Give again, exactly and only, the lines running from the one with "Stallion Fees Table" to the end of the material below; leave out pictures.

*** Begin section ***

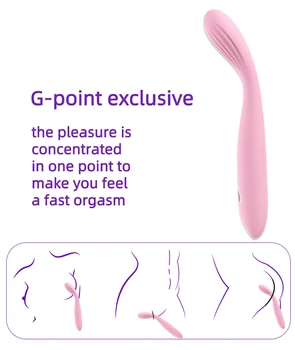 10 Modes G spot Vibrators for Women Clitoris Dildo Vagina Masturbator Adult Sex Toys for Women Adults 18 USB Charging 3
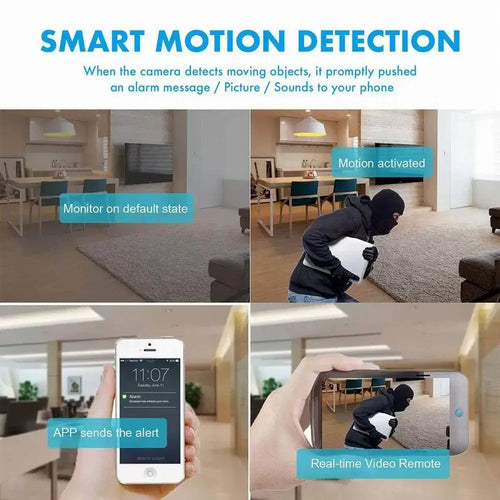 360Cam - Home Cam System™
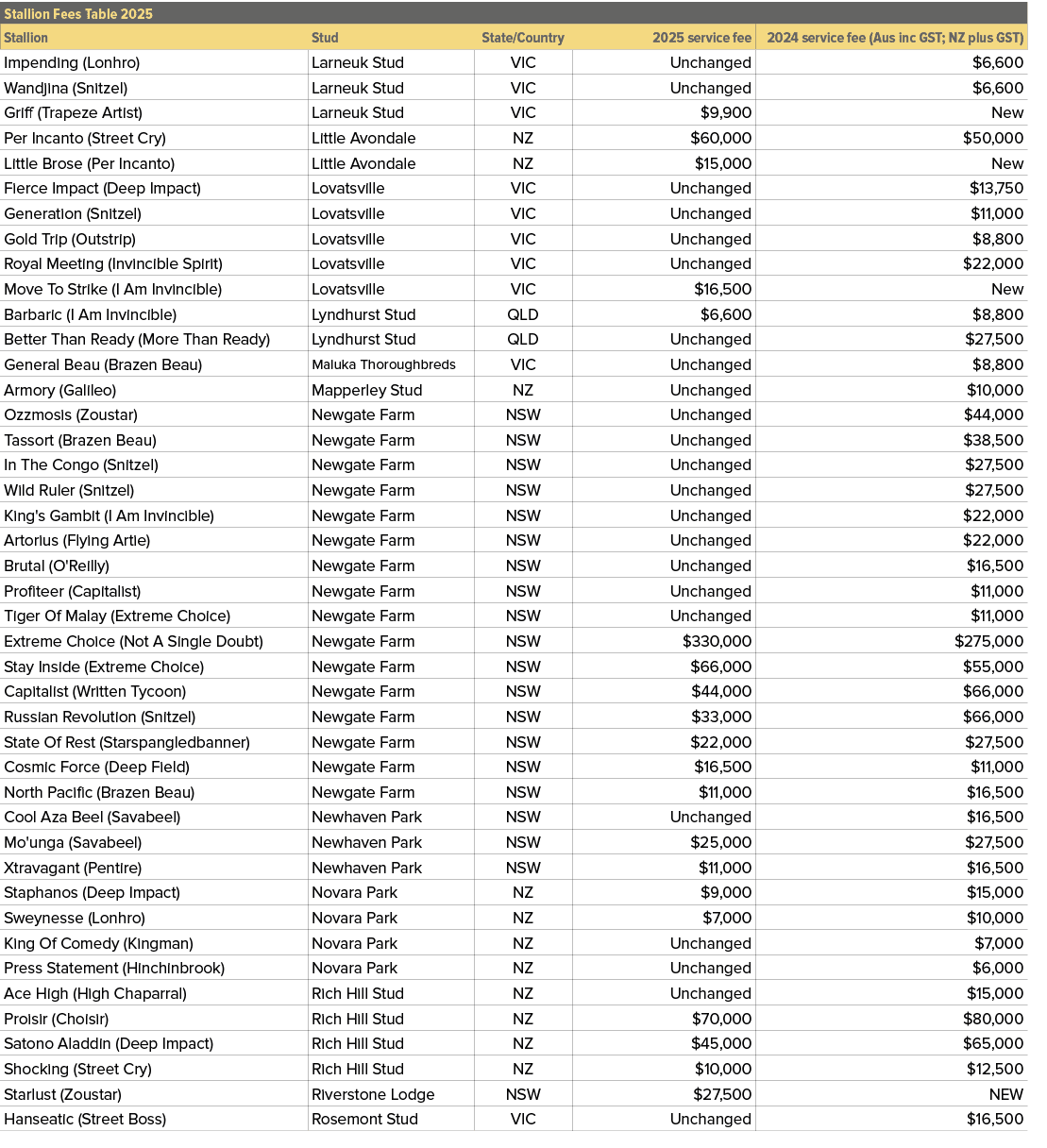 Stallion Fees Table 2025,,Stallion,Stud,State/Country,2025 service fee,2024 service fee (Aus inc GST; NZ plus GST),Im...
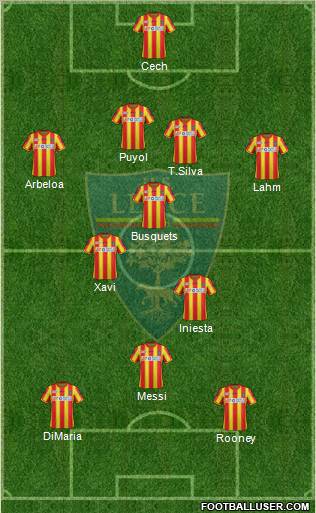 Lecce Formation 2012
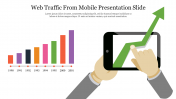 Best Web Traffic From Mobile Presentation Slide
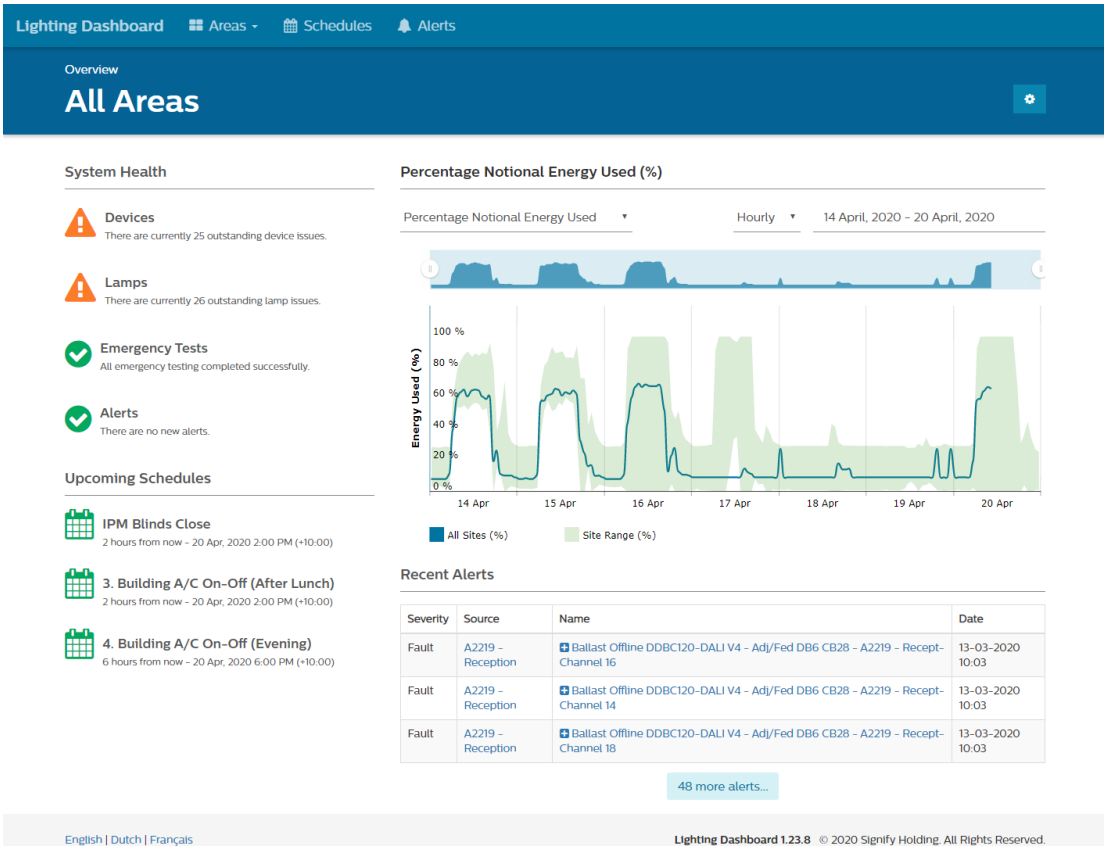 SystemManager | Headend software - Monitor, Manage, Maintain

*** End section ***

ANSWER SECTION ▸
 Stallion Fees Table 2025,,Stallion,Stud,State/Country,2025 service fee,2024 service fee (Aus inc GST; NZ plus GST),Im...
 Lecce Formation 2012
 Best Web Traffic From Mobile Presentation Slide
 SystemManager | Headend software - Monitor, Manage, Maintain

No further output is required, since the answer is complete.